Theology that affirms eternal security but denies unconditional election is also unusual because those who affirm eternal security but deny unconditional election must say either (1) that Christians lose some of their freedom after they are saved so that they can never again choose to reject Christ, or (2) that Christians retain the freedom to reject Christ after salvation, while still remaining saved and on their way to heaven, which is what no-Lordship Dispensationalism teaches. Both implications seem inconsistent Scripture.
I submit that Calvinism matters because the doctrine of eternal security is only biblically and logically maintained when it is rooted in the Bible's doctrines of unconditional election and effectual calling. Consider the following passages of Scripture that link unconditional election and eternal security.
“All that the Father gives Me will come to Me, and whoever comes to Me, I will never cast out” (Jn 6:37).
“And this is the will of Him who sent Me, that I should lose nothing of all that He has given Me, but raise it up on the last day” (Jn 6:39).
“No one can come to me unless the Father who sent Me draws him. And I will raise him up on the last day” (Jn 6:44).
“And those whom He predestined He also called, and those whom He called He also justified, and those whom He justified He also glorified” (Rom 8:30).

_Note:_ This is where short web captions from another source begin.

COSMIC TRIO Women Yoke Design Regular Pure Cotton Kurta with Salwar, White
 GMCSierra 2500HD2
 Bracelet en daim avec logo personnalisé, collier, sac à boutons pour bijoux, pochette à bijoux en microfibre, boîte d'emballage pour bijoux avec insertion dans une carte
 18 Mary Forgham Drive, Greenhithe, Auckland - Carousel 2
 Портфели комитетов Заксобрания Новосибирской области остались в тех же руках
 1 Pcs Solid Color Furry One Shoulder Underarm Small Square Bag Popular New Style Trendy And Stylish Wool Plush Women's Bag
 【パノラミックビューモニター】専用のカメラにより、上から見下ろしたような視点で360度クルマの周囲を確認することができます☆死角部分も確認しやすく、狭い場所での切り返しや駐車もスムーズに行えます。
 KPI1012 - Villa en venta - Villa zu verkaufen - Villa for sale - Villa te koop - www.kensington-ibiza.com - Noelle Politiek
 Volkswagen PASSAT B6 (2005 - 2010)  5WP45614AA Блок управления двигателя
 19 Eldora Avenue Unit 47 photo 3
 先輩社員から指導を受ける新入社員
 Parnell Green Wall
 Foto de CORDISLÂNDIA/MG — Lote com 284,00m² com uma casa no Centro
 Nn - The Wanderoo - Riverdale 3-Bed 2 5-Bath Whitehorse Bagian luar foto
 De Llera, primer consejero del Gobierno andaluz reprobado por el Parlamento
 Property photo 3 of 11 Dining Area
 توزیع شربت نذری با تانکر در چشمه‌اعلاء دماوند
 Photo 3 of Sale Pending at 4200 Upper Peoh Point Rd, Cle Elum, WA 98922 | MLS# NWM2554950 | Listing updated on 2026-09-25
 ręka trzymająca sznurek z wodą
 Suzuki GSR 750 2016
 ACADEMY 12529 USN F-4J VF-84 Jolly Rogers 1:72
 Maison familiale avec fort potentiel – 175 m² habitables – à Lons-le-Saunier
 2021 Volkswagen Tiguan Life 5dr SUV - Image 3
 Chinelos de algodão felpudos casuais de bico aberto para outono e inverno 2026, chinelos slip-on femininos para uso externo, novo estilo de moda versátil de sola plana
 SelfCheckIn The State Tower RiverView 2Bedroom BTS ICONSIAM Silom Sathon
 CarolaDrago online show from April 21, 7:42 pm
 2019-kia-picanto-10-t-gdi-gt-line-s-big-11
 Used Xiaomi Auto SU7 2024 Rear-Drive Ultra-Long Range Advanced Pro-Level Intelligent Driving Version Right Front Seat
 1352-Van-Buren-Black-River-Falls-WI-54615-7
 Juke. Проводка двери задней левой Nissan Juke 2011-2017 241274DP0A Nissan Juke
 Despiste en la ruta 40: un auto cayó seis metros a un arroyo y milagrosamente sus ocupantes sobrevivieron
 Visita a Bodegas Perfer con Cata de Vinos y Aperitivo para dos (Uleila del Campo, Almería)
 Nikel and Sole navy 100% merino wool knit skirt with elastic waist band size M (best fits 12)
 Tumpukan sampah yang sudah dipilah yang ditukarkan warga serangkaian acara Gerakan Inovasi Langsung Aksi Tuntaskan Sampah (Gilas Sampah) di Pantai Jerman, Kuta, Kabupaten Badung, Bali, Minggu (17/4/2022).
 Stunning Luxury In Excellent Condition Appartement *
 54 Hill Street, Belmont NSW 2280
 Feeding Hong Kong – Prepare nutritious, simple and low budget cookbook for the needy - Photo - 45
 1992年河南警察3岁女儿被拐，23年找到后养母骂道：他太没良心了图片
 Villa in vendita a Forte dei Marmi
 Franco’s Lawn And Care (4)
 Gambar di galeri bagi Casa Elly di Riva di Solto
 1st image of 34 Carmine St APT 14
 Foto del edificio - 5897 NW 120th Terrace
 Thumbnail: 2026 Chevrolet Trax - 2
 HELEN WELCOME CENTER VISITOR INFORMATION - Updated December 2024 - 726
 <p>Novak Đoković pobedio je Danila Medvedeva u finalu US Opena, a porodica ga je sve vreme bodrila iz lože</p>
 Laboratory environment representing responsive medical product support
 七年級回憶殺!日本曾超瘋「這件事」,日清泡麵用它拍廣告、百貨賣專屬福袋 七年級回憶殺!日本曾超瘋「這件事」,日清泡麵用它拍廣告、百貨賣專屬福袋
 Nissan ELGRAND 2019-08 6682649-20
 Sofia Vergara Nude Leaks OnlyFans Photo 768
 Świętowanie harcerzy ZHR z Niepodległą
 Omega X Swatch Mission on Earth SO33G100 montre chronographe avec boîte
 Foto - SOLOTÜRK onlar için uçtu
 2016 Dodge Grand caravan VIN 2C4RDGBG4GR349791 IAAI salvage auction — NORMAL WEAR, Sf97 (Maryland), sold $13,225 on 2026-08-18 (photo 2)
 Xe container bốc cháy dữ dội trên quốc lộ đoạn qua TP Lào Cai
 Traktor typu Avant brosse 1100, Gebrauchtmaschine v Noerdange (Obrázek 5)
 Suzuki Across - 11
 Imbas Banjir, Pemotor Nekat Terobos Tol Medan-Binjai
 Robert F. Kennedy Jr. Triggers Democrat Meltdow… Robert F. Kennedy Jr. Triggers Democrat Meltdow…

“[Christ] will sustain you to the end, guiltless in the day of our Lord Jesus Christ. God is faithful by whom you were called into the fellowship of His Son, Jesus Christ our Lord” (1 Cor 1:8-9).
“He chose us in Him before the foundation of the world . . . In Him, we have obtained an inheritance, having been predestined according to the purpose of Him who works all things according to the counsel of His will . . . [the Holy Spirit] is the guarantee of our inheritance until we acquire possession of it, to the praise of His glory” (Eph 1:3-14).
“And I am sure of this, that He who began a good work in you will bring it to completion at the day of Jesus Christ” (Phil 1:6).
“Now may the God of peace Himself sanctify you completely, and may your whole spirit and soul and body be kept blameless at the coming of our Lord Jesus Christ. He who calls you is faithful; He will surely do it” (1 Thess 5:23-24).
“To those who are elect . . . He has caused us to be born again to a living hope . . . who by God's power are being guarded through faith for a salvation ready to be revealed in the last time” (1 Pet 1:1-5).
So, from a biblical perspective, unconditional election and irresistible grace (effectual calling) go together with eternal security. It seems odd, biblically, that anyone would wish to affirm one without the other. The effort to separate the two does not appear to grow out of the Bible's own theological categories.
A Sincere Question for Non-Calvinistic Southern Baptists
If you are a non-Calvinist but affirm eternal security, do you also affirm that human beings lose their freedom of choice (to reject Christ) after conversion? Or do you take the route of no-Lordship Dispensationalism and say that true Christians may reject Christ but still go to heaven when they die?